Lines to restate from the data below: from the one containing "2024 Kia Seltos" to the one containing "Mineras con el gobernador", both included. Give them again exactly, and only them.
== Excerpted records ==
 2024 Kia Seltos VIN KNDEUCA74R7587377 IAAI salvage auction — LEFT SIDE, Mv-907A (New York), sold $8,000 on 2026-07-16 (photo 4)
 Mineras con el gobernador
===
== Excerpted records ==
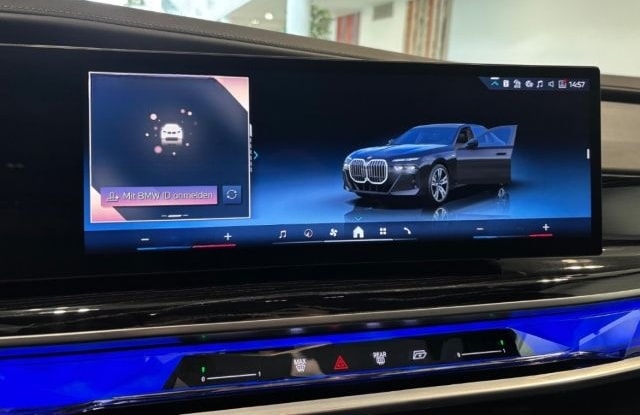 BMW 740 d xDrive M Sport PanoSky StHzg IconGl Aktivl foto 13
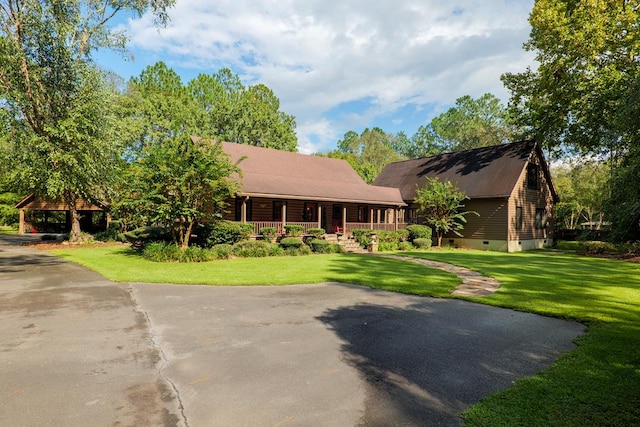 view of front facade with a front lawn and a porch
===
▶ [Result for this task]
 2024 Kia Seltos VIN KNDEUCA74R7587377 IAAI salvage auction — LEFT SIDE, Mv-907A (New York), sold $8,000 on 2026-07-16 (photo 4)
 Mineras con el gobernador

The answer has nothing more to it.